**SOURCE RECORDS**:
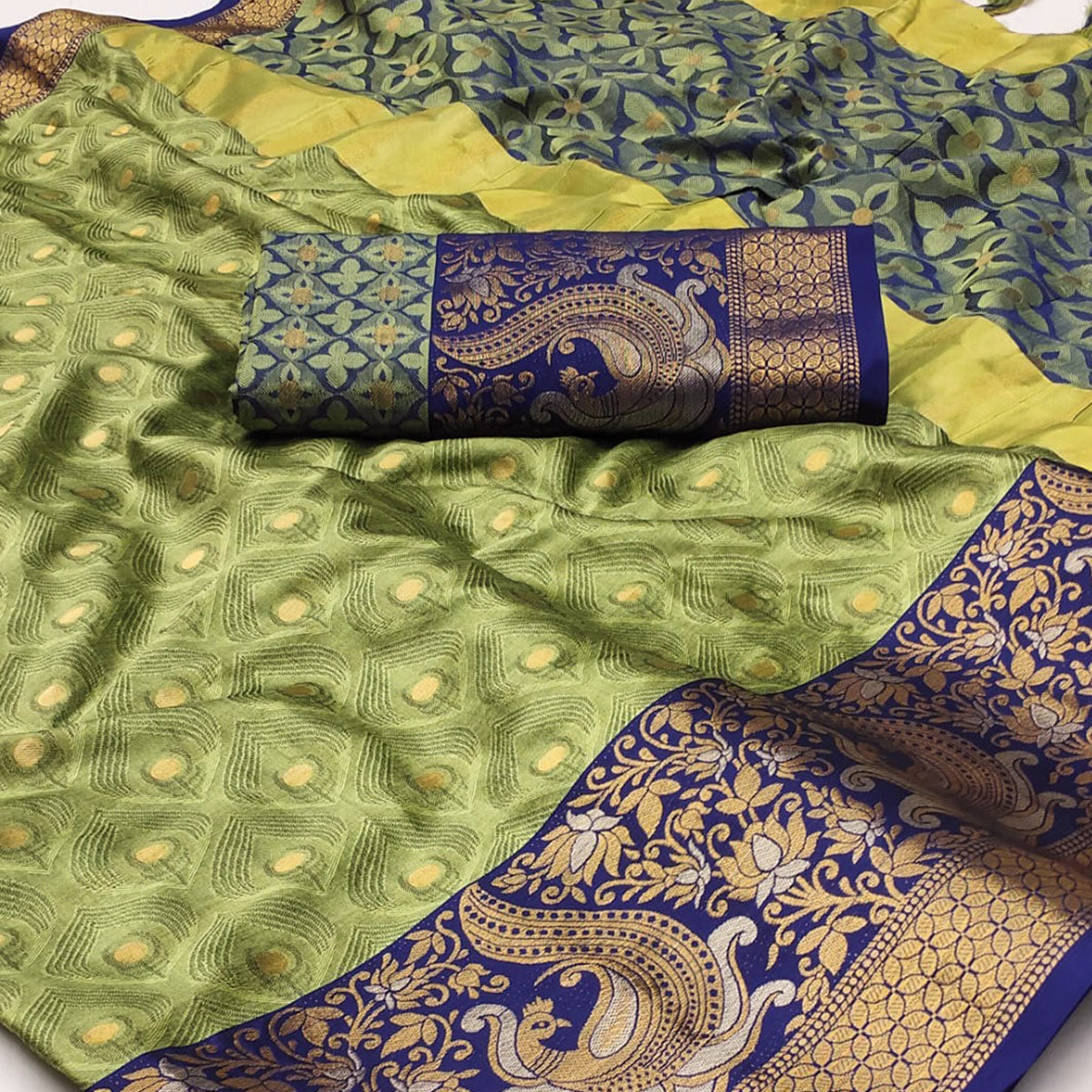 Pista Green Woven Cotton Silk Saree With Tassels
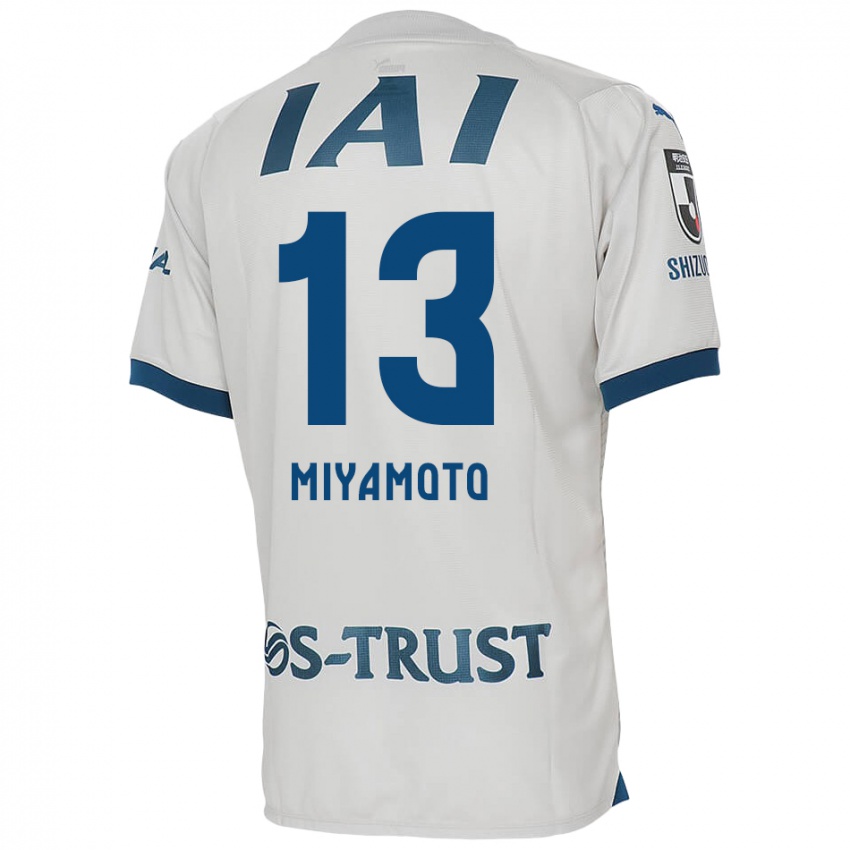 Bambino Maglia Kota Miyamoto #13 Bianco Blu Kit Gara Away 2024/25 Maglietta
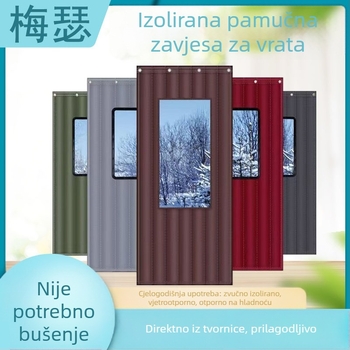 Zvučno izolirajuća zavjesa za vrata za bar/KTV, pregradna zavjesa od pamuka, za kućnu upotrebu, zimska deblja, otporna na vjetar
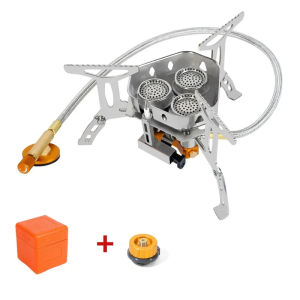 3 Heads Gas Stove Tourist Camping Burners Folding Backpacking Furnace 6800W Outdoor Hiking Picnic BBQ Cooking Equipment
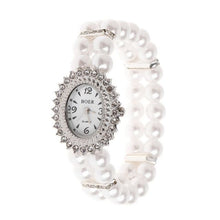 Women's Elegant Pearl And Rhinestone Wristwatch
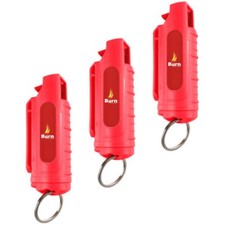 3 Pack Burn Pepper Spray 1/2oz Police Strength Self Defense Keychain Red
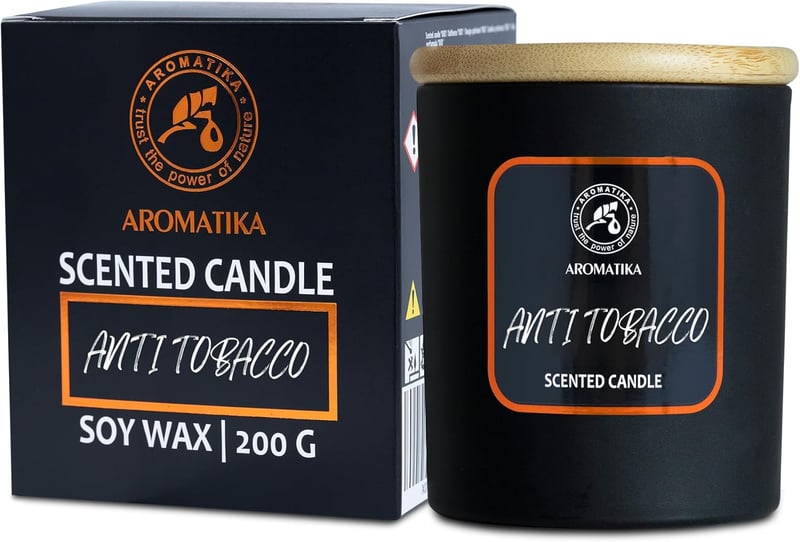 Duftkerze Anti-Tabak mit Pfefferminzöl - 200 g Aromatherapie Kerze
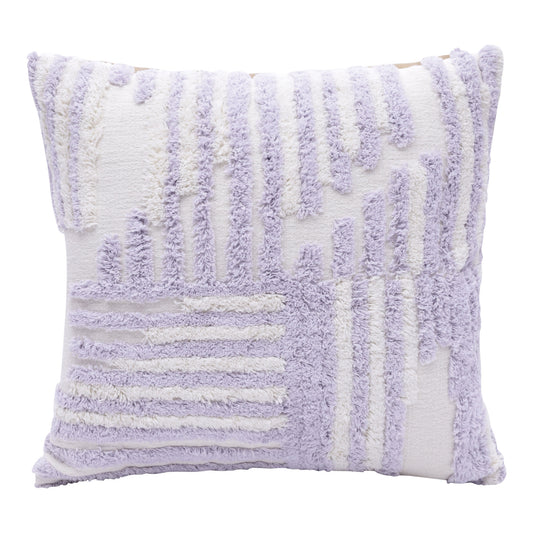 22" X 22" Cream And White 100% Cotton Striped Zippered Pillow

**TASK DESCRIPTION**:
Begin at the line containing "Zvučno izolirajuća zavjesa" and stop at the last line of the data. Repeat only those lines, exactly, and leave out the pictures.

**REPLY**:
 Zvučno izolirajuća zavjesa za vrata za bar/KTV, pregradna zavjesa od pamuka, za kućnu upotrebu, zimska deblja, otporna na vjetar
 3 Heads Gas Stove Tourist Camping Burners Folding Backpacking Furnace 6800W Outdoor Hiking Picnic BBQ Cooking Equipment
 Women's Elegant Pearl And Rhinestone Wristwatch
 3 Pack Burn Pepper Spray 1/2oz Police Strength Self Defense Keychain Red
 Duftkerze Anti-Tabak mit Pfefferminzöl - 200 g Aromatherapie Kerze
 22" X 22" Cream And White 100% Cotton Striped Zippered Pillow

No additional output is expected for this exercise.